Er zijn mensen, die het verzamelen van ansichtkaarten tot hun hobby hebben gemaakt. Actieve gemeentearchivarissen - zoals bijvoorbeeld die van Tilburg - zorgen ervoor, dat beelden van hun gemeente voor het nageslacht bewaard blijven. Vooral in tijden van snellere verandering in stads- en dorpsbeelden, zoals wij die nu beleven, blijken die oude ansichtkaarten heel wat zinvoller als men op het eerste gezicht zou denken. Ook de historie is in de grote stroomversnelling geraakt. Waar het oog vandaag nog achteloos aan voorbijgaat, blijkt morgen, als het oude beeld voorgoed verdwenen is, plotseling geschiedenis. Uit ervaring weten wij bovendien, dat oude ansichtkaarten meer dan éénmaal het onweerlegbaar bewijs in omstreden kwesties kunnen leveren. Wat er op dit gebied bij vele particulieren vaak nonchalant rondslingert tussen oude papieren op de zolders en op een kwade dag met de grote schoonmaakbeurt in de vuilnisbak verdwijnt, heeft dus wel degelijk waarde.

 

Herinnering

Afgezien daarvan geloven wij echter, dat voor de meeste mensen de aantrekkelijkheid van de ansichtkaartenboekjes ligt in de herinneringen, die de afbeeldingen oproepen aan tijden, waarin menigeen de dagen van een zo vaak geïdealiseerde jeugd ziet opduiken.
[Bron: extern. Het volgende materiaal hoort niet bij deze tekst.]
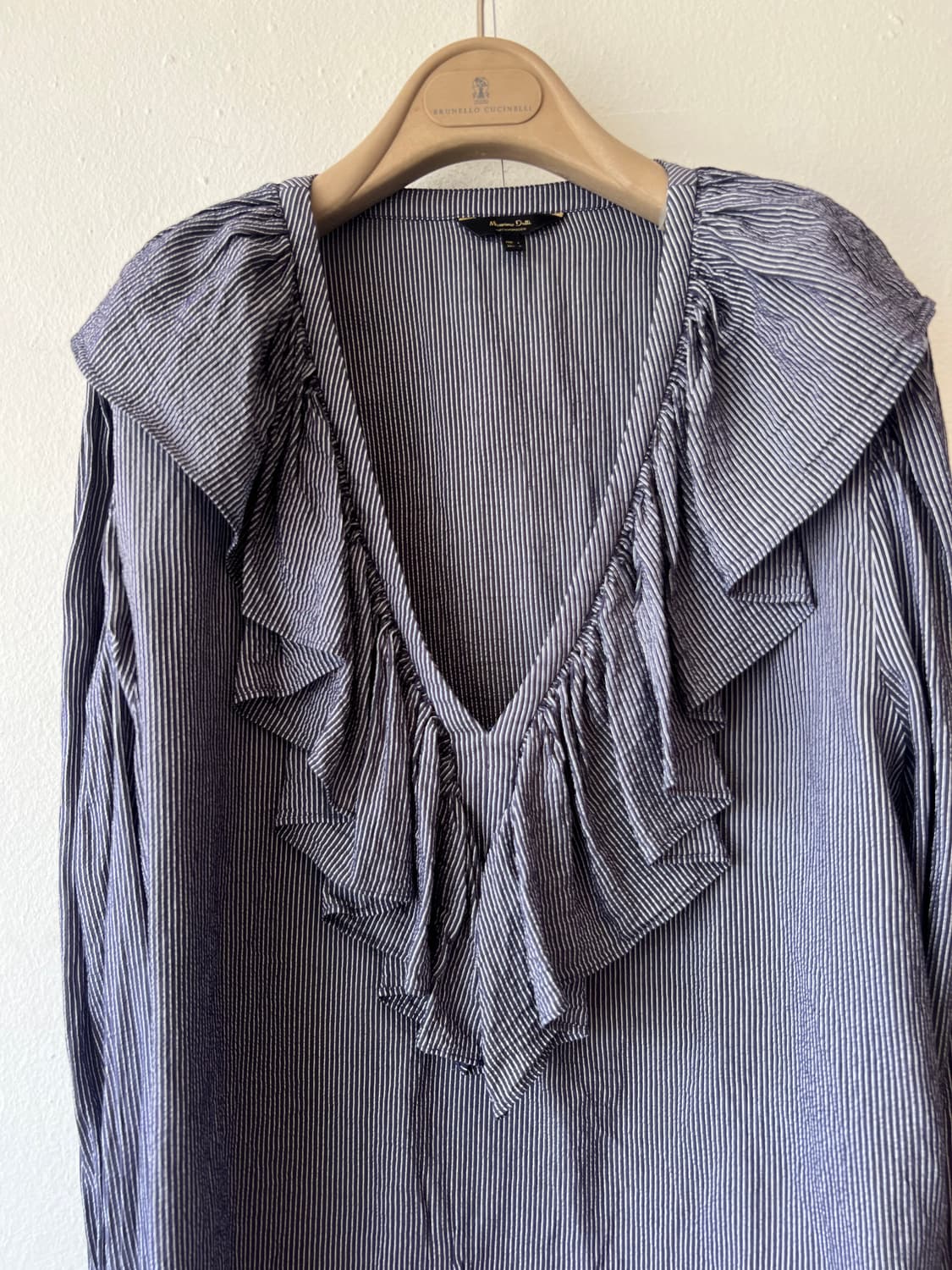 마시모뚜띠 여성 네이비 잔스트라이프 프릴블라우스  상품이미지1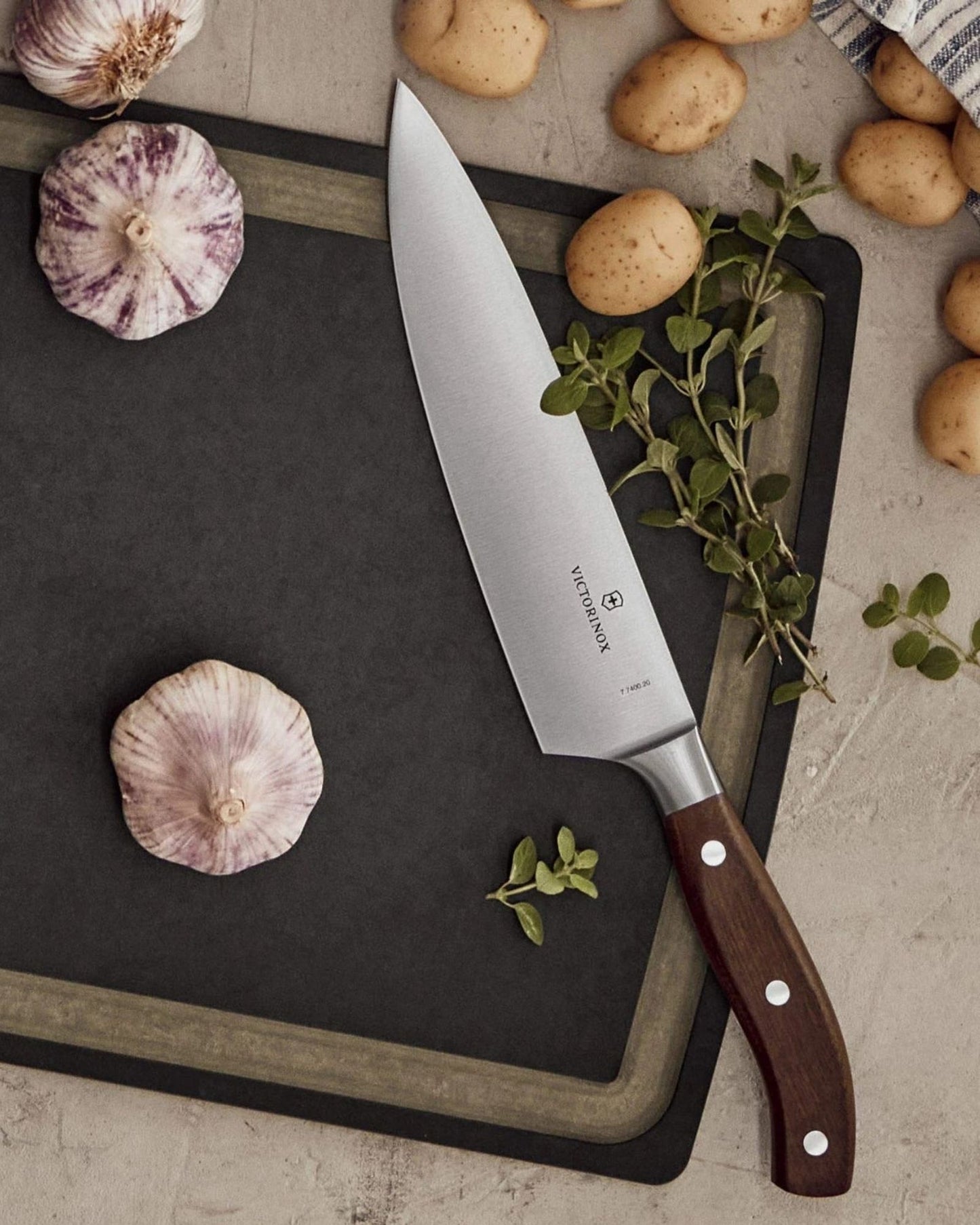 سكين نحت فيكتورينوكس جراند ميتر، 20 سم، صندوق هدايا خشبي مستقيم - 7.7400.20 جرام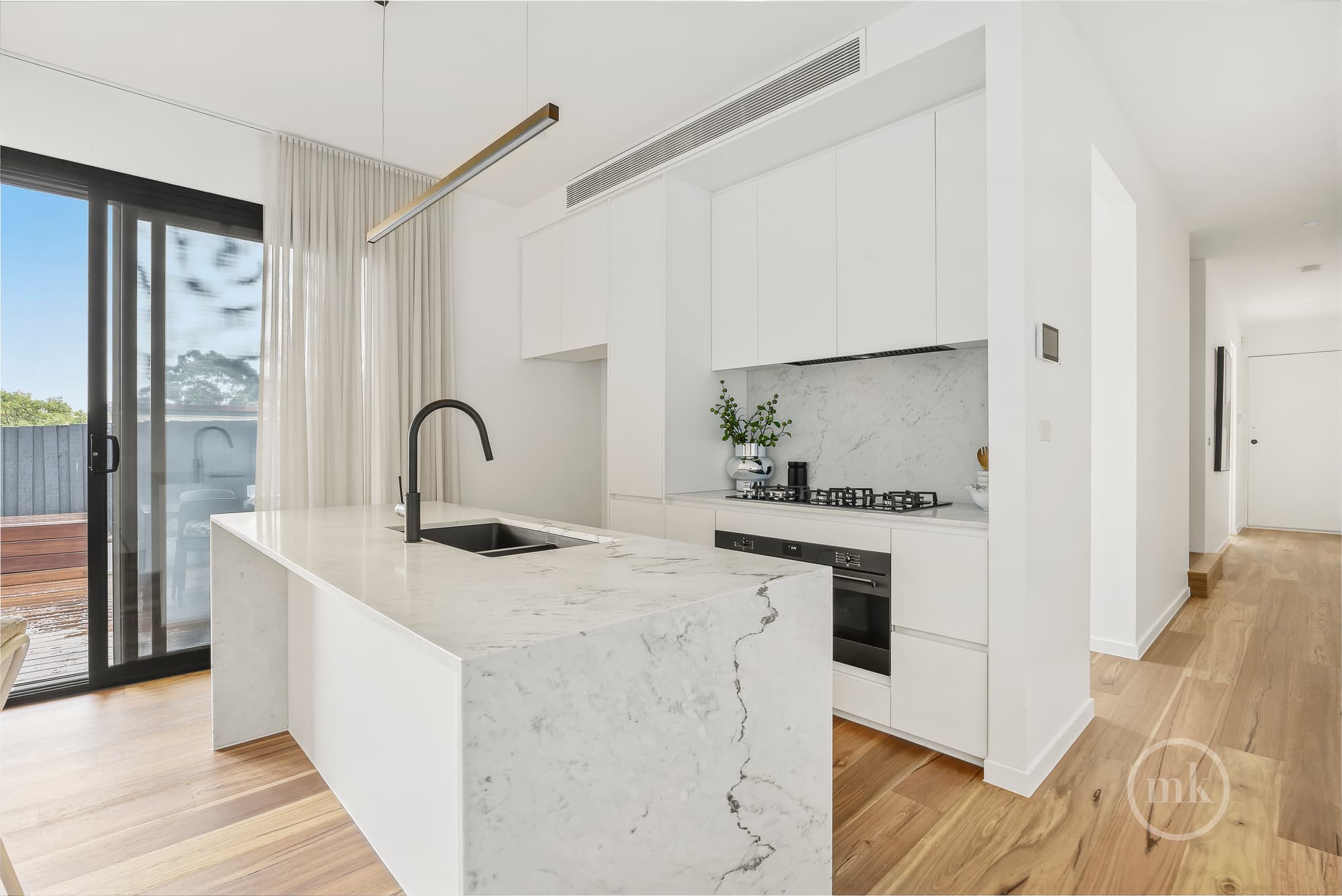1-3/22 River Street, Briar Hill, Briar Hill - Thumbnail 4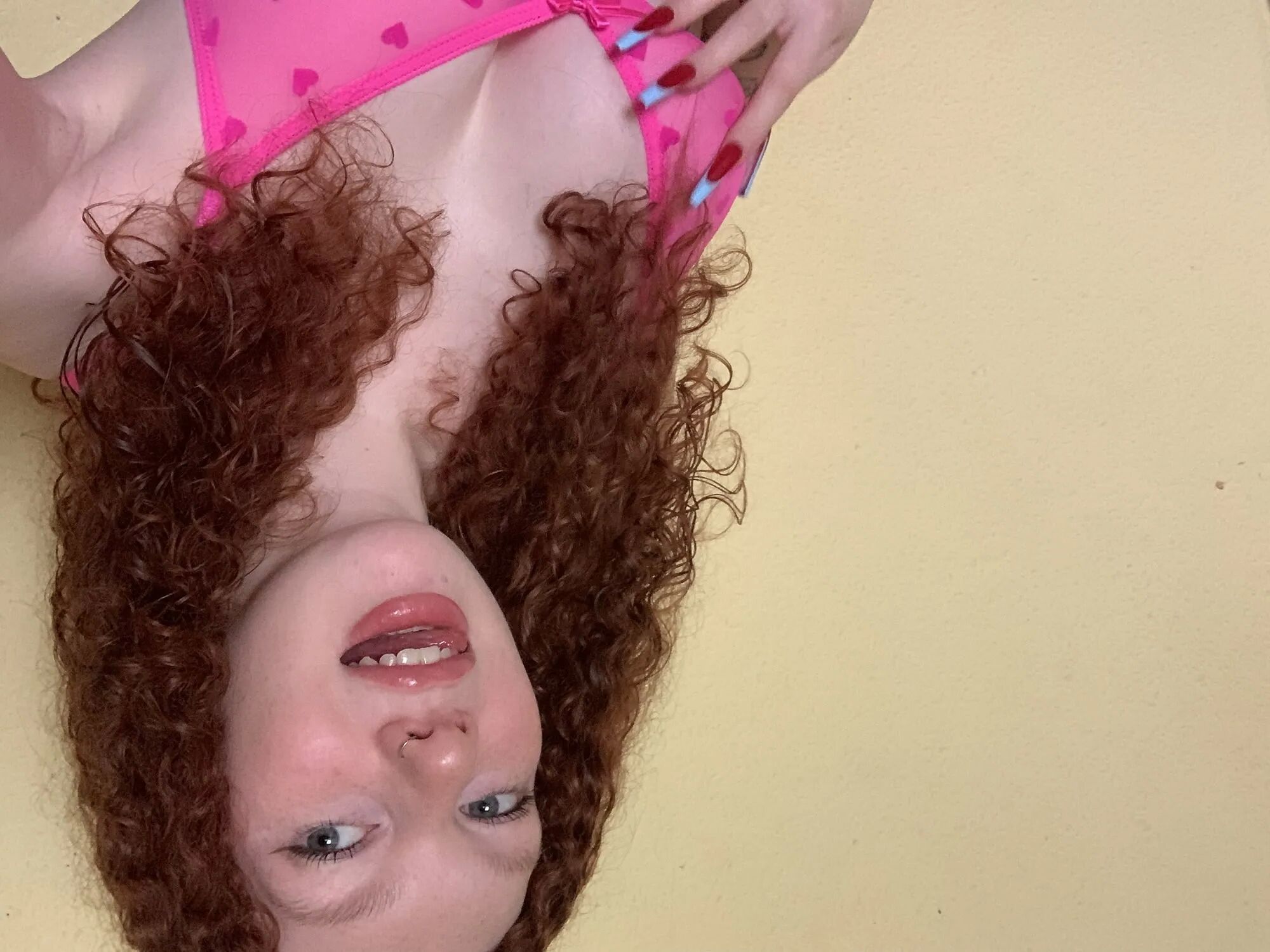 18yo red haired Teen - 23 Pics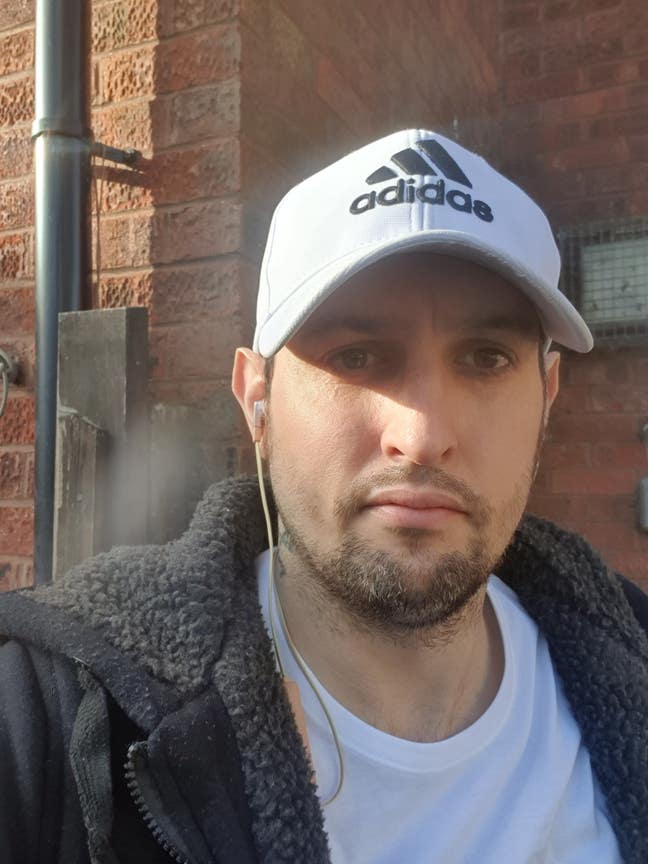 Male 38 looking for rooms  Main Photo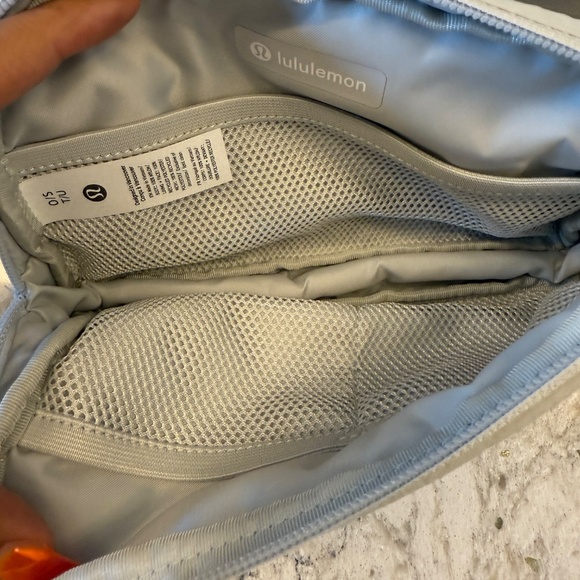 NWT Lululemon Athletic everywhere belt‎ bag - Picture 11 of 12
"Oisterwijk in oude ansichten" wordt ingeleid door P.J.M. Wuisman, archivaris van het Streekarchivaat in het Kwartier van Oisterwijk. In een notedop geeft hij een grote lijn van de ontwikkeling van Oisterwijk sinds de tweede helft van de negentiende eeuw. Aan de hand van een kleine tachtig ansichtkaarten ziet de lezer-kijker zich daarna door Oisterwijk geleid. De foto's zijn geplaatst in de volgorde van een wandeling. Deze vangt op de Lind aan, voert door de oude kom der gemeente en vervolgens naar de bossen en de vennen. Na een bezoek aan de nieuwe villabuurten belandt ge ten slotte weer op de Lind. Dat tijdens deze wandeling een der schilderachtige boerderijen van de buurtschap Kerkhoven niet kon worden bezocht, valt te wijten aan een gebrek aan afbeeldingen uit de gevraagde periode, die er een is, waaraan velen nog herinneringen uit eigen waarneming bezitten.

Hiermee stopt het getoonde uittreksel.